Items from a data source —
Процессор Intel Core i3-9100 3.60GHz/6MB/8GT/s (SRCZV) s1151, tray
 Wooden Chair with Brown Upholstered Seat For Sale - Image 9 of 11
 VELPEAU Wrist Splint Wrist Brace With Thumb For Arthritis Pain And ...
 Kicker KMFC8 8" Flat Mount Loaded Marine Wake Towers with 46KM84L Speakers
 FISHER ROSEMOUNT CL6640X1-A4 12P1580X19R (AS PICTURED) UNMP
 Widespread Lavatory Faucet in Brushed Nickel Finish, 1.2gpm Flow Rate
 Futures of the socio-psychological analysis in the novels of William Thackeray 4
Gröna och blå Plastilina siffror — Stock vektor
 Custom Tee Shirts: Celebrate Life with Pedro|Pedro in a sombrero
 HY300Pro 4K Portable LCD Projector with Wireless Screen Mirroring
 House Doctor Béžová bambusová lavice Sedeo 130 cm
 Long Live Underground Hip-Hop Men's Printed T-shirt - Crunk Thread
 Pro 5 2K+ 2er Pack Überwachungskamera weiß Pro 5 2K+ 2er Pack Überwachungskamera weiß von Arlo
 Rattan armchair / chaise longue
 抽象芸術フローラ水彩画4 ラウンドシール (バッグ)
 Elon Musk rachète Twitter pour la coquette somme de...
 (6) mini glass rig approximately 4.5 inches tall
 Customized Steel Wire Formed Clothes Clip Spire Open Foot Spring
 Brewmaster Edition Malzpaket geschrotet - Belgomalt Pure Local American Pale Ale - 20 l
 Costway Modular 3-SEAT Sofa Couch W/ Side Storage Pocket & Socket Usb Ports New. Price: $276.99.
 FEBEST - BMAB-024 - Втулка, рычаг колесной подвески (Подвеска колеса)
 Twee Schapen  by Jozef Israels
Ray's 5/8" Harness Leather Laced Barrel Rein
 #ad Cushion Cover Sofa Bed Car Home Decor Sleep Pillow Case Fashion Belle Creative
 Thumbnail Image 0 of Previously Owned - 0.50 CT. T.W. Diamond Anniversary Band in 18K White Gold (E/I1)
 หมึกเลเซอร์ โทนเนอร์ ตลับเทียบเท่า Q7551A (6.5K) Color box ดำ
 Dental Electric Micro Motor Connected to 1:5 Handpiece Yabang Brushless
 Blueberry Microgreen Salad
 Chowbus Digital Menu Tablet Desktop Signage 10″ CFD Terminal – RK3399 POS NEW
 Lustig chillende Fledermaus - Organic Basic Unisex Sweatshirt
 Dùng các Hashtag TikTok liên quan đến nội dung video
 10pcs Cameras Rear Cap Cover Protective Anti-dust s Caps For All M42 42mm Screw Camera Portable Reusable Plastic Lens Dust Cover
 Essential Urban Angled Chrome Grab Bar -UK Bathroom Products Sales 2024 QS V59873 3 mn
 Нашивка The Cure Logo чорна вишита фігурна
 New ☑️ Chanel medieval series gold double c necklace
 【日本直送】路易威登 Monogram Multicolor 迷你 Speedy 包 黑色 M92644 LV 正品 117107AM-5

EXERCISE BRIEF — Restate every entry above exactly as it stands.

RESULT BELOW —
Процессор Intel Core i3-9100 3.60GHz/6MB/8GT/s (SRCZV) s1151, tray
 Wooden Chair with Brown Upholstered Seat For Sale - Image 9 of 11
 VELPEAU Wrist Splint Wrist Brace With Thumb For Arthritis Pain And ...
 Kicker KMFC8 8" Flat Mount Loaded Marine Wake Towers with 46KM84L Speakers
 FISHER ROSEMOUNT CL6640X1-A4 12P1580X19R (AS PICTURED) UNMP
 Widespread Lavatory Faucet in Brushed Nickel Finish, 1.2gpm Flow Rate
 Futures of the socio-psychological analysis in the novels of William Thackeray 4
Gröna och blå Plastilina siffror — Stock vektor
 Custom Tee Shirts: Celebrate Life with Pedro|Pedro in a sombrero
 HY300Pro 4K Portable LCD Projector with Wireless Screen Mirroring
 House Doctor Béžová bambusová lavice Sedeo 130 cm
 Long Live Underground Hip-Hop Men's Printed T-shirt - Crunk Thread
 Pro 5 2K+ 2er Pack Überwachungskamera weiß Pro 5 2K+ 2er Pack Überwachungskamera weiß von Arlo
 Rattan armchair / chaise longue
 抽象芸術フローラ水彩画4 ラウンドシール (バッグ)
 Elon Musk rachète Twitter pour la coquette somme de...
 (6) mini glass rig approximately 4.5 inches tall
 Customized Steel Wire Formed Clothes Clip Spire Open Foot Spring
 Brewmaster Edition Malzpaket geschrotet - Belgomalt Pure Local American Pale Ale - 20 l
 Costway Modular 3-SEAT Sofa Couch W/ Side Storage Pocket & Socket Usb Ports New. Price: $276.99.
 FEBEST - BMAB-024 - Втулка, рычаг колесной подвески (Подвеска колеса)
 Twee Schapen  by Jozef Israels
Ray's 5/8" Harness Leather Laced Barrel Rein
 #ad Cushion Cover Sofa Bed Car Home Decor Sleep Pillow Case Fashion Belle Creative
 Thumbnail Image 0 of Previously Owned - 0.50 CT. T.W. Diamond Anniversary Band in 18K White Gold (E/I1)
 หมึกเลเซอร์ โทนเนอร์ ตลับเทียบเท่า Q7551A (6.5K) Color box ดำ
 Dental Electric Micro Motor Connected to 1:5 Handpiece Yabang Brushless
 Blueberry Microgreen Salad
 Chowbus Digital Menu Tablet Desktop Signage 10″ CFD Terminal – RK3399 POS NEW
 Lustig chillende Fledermaus - Organic Basic Unisex Sweatshirt
 Dùng các Hashtag TikTok liên quan đến nội dung video
 10pcs Cameras Rear Cap Cover Protective Anti-dust s Caps For All M42 42mm Screw Camera Portable Reusable Plastic Lens Dust Cover
 Essential Urban Angled Chrome Grab Bar -UK Bathroom Products Sales 2024 QS V59873 3 mn
 Нашивка The Cure Logo чорна вишита фігурна
 New ☑️ Chanel medieval series gold double c necklace
 【日本直送】路易威登 Monogram Multicolor 迷你 Speedy 包 黑色 M92644 LV 正品 117107AM-5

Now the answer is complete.